It's not always that simple: Sometimes, trying to interpret "the law" in the abstract, without deep knowledge of the factual context, is like being a bull in a china shop.

The conservative justices' various obsessions with textualism, originalism, and whatever other flavor of the month comes up, are often unrealistic. Ditching Chevron deference, in the teeth of decades of precedent and congressional approval, is one of those situations.

Granted, your 3d Cir. clerking experience, seeing that aspect of how the sausage is made, does give your view a certain weight. But too many judges need to start remembering that they're hired help, bureaucrats, and when Congress says "we want the agencies we create to figure out what to do, subject to political checks," it's manifestly not on federal judges to say "oh no, you can only do that in a way that lets us judges have the dominant seat at the table."

1 comments

Judges are Article III, and the need for them laid out explicitly in the text of the Constitution itself.

Chevron deference, and the corpus of administrative law unsubject to judicial review it spawned, most decidedly is not.

That makes judges a bit more of a fixture in the grand scheme of things than all these "agencies" running their own pseudo-courts so that Congress critters can spend their tenure voting one another pay raises, and insider trading among themselves.

>it's manifestly not on federal judges to say "oh no, you can only do that in a way that lets us judges have the dominant seat at the table."

Actually, it manifestly is on the judiciary to say that. If Congress started adding clauses to legislation to the tune of "this law is not subject to judicial review", the judiciary is fully within it's rights as outlined by the Constitution to strike down the law, as the Legislature, by definition, cannot produce a thing with force of law contradicting a limitation placed on it by the Constitution short of another Constitutional Amendment + the requisite ratifications. An unconstitutional law, is no law at all. The issue of constitutionality is purely the realm of the judiciary. No one else. You can change what the Judiciary looks like; but you can't structurally usurp it's powers under the Constitution.

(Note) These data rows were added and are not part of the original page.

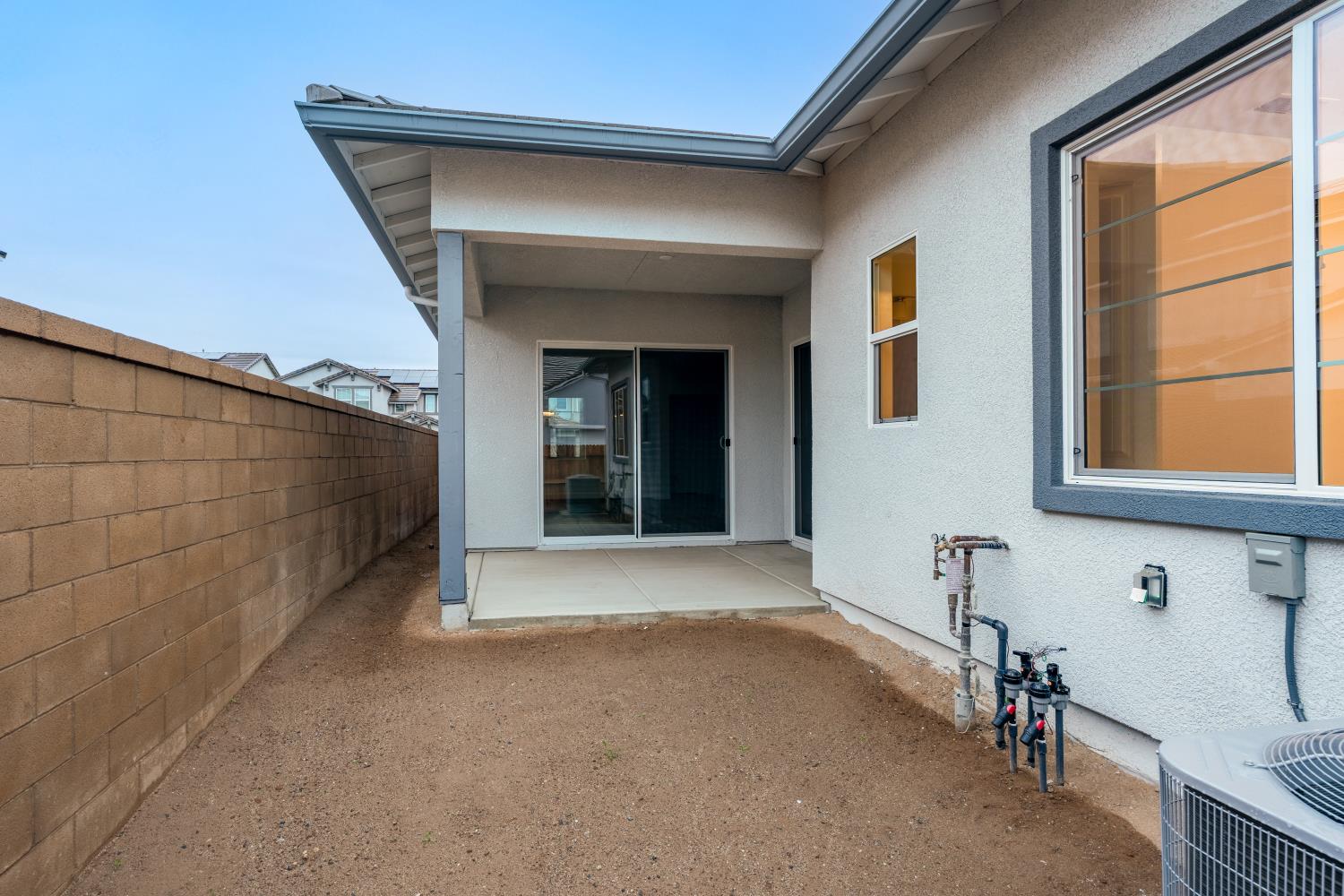 331 Peters Lane South Madera, CA 93636 - Photo 11 of 12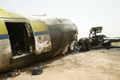 スーダンの首都ハルツーム（Khartoum）の空港で、前夜に着陸時に炎上したスーダン航空（Sudan Airways）の旅客機（2008年6月11日撮影）。(c)AFP/ISAM AL-HAJ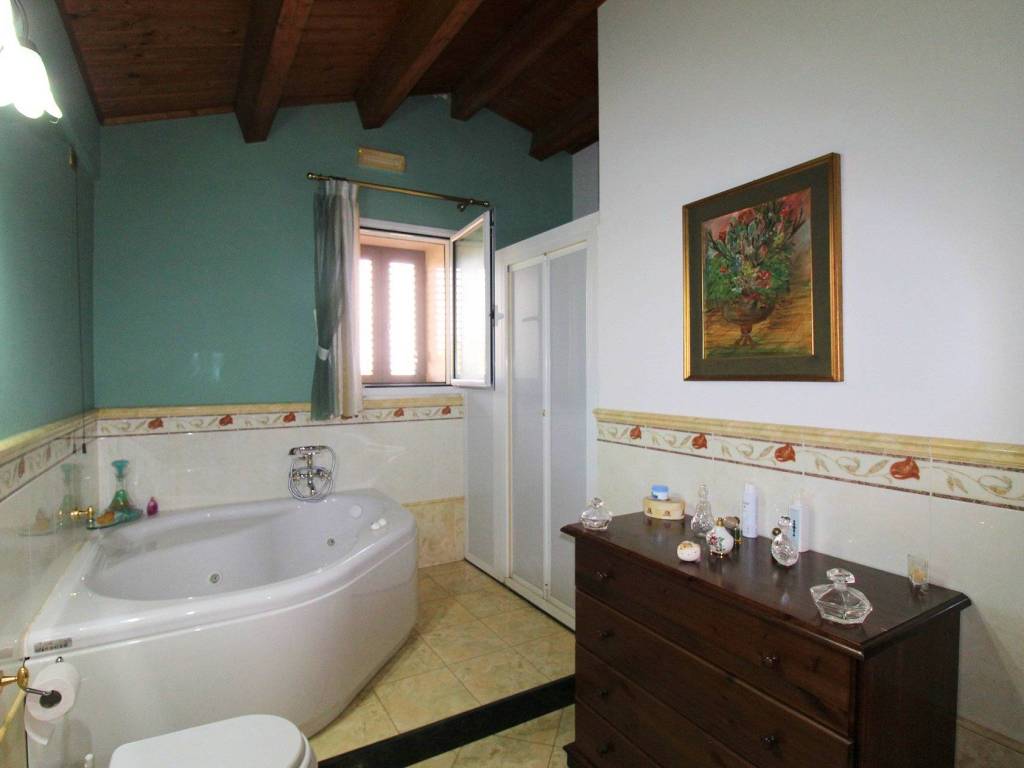 Casa indipendente a Ragusa in Via Paestum , 90 - Foto 5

There is a reason Jefferson and Madison were really nervous about how the judiciary ended up playing out in practice though.

> If Congress started adding clauses to legislation to the tune of "this law is not subject to judicial review", the judiciary is fully within it's [sic] rights as outlined by the Constitution to strike down the law

I'm not suggesting that Congress go that far. But don't forget the Exceptions and Regulations Clause in Article III: "In all the other Cases before mentioned [i.e., establishing various grounds of federal-court jurisdiction], the supreme Court shall have appellate Jurisdiction, both as to Law and Fact, with such Exceptions, and under such Regulations as the Congress shall make."

That sounds pretty plenary to me. And Congress has sometimes exercised that power, e.g.:

* Severely limiting and even foreclosing judicial review of certain types of decision by immigration authorities: 8 U.S.C. § 1252(g)

* Ditto for decisions about Social Security: 42 U.S.C. § 405(h)

My vague recollection from law school is that SCOTUS has said that this is OK as long as Congress provides sufficient due process via other means.

> The issue of constitutionality is purely the realm of the judiciary. No one else.

It's astonishing how such an exalted view of the judge's role has taken root and spread like kudzu from its origins in John Marshall's brazenly-bootstrapped argument in Marbury v. Madison (and the All-Writs Act).